INFORMATION PROVIDED:
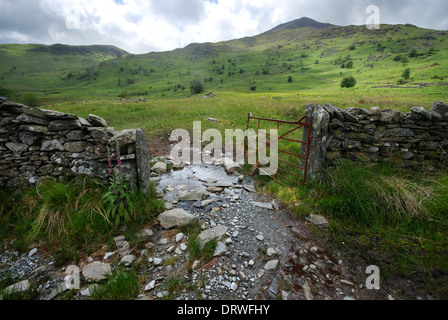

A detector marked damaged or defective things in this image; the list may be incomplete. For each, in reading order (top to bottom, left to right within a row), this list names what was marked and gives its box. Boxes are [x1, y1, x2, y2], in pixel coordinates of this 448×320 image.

rusty metal gate [245, 113, 312, 186]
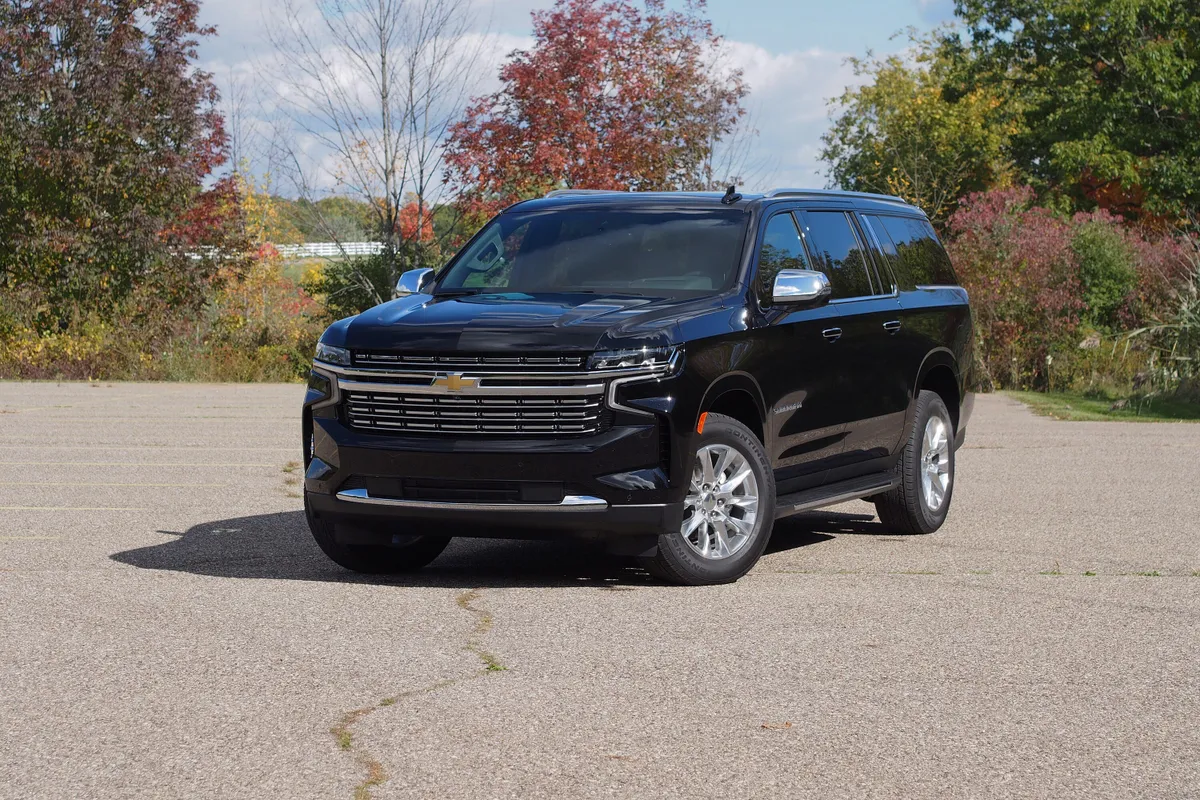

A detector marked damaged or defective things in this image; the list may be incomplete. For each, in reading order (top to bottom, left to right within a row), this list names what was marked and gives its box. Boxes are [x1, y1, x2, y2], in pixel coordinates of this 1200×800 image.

crack in asphalt [331, 587, 508, 800]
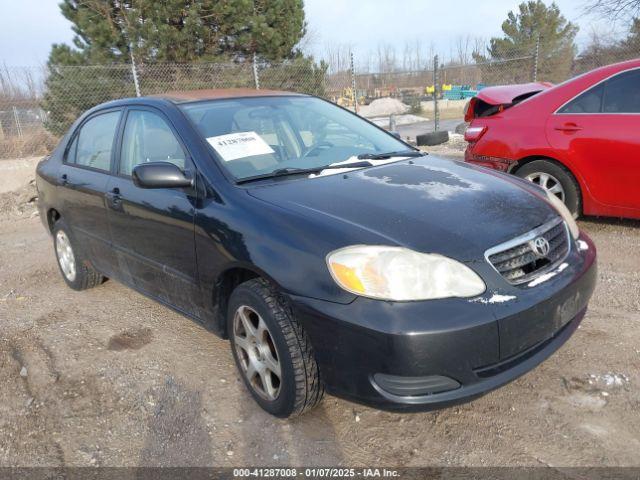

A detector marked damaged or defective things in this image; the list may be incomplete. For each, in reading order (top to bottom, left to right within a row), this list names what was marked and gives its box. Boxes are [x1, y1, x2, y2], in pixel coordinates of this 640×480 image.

damaged vehicle [33, 89, 596, 416]
damaged vehicle [464, 58, 640, 221]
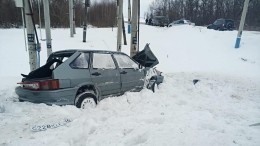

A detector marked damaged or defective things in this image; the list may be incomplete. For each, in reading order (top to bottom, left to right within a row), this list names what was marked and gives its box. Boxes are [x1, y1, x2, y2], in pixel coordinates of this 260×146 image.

crashed gray car [15, 44, 164, 108]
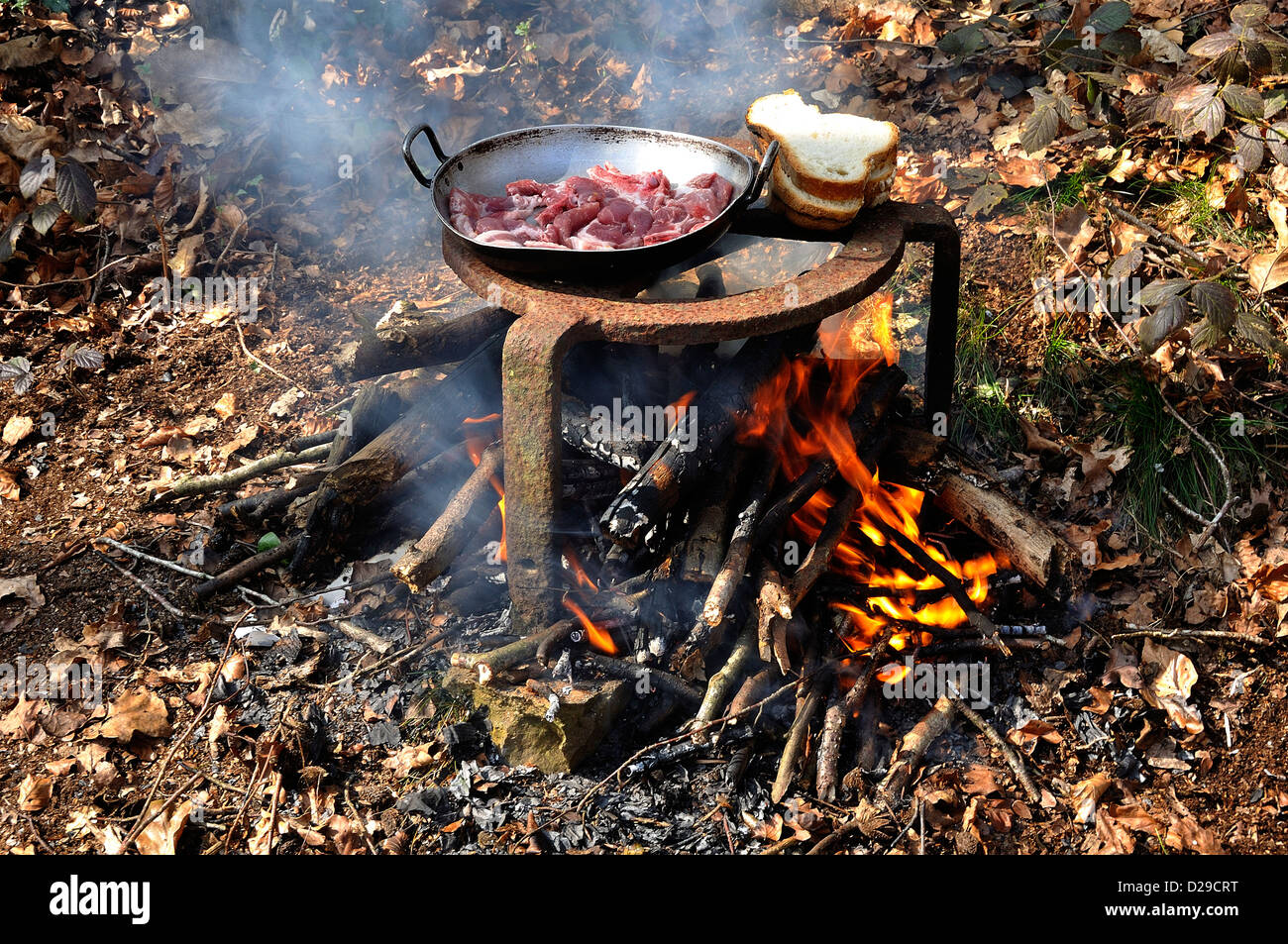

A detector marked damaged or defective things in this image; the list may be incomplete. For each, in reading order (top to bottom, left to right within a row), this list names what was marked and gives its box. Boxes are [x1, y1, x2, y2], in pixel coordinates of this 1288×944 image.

WHAT IS REQUIRED: What is needed is an exact restatement of every line from the one containing "this 1200×800 image." through the last line of the records, pictures left out.

ANSWER TO THIS PROBLEM:
A detector marked damaged or defective things in this image; the list may be incomplete. For each, in reading order (top to bottom, left to right within a row), this list names what was marked and gives its box. Boxes are [x1, y1, x2, y2], in pixel coordinates of this 1200×800 image.

crack in asphalt [331, 587, 508, 800]

A detector marked damaged or defective things in this image; the list may be incomplete. For each, in reading order (top to bottom, left to right within a row), this list names what was marked and gives its box. Boxes are [x1, y1, x2, y2], in pixel coordinates of this 640×480 image.

damaged vehicle [33, 89, 596, 416]
damaged vehicle [464, 58, 640, 221]

A detector marked damaged or defective things in this image; the list may be incomplete. For each, in reading order (top to bottom, left to right within a row), this list names what was marked and gives its box. Boxes are [x1, y1, x2, y2], in pixel coordinates of this 260×146 image.

crashed gray car [15, 44, 164, 108]

A detector marked damaged or defective things in this image; the list may be incomplete. For each, in reading order (top to bottom, left to right within a row), this list names what was marked and gives its box. Boxes are [x1, y1, x2, y2], in pixel coordinates of this 1288×944 image.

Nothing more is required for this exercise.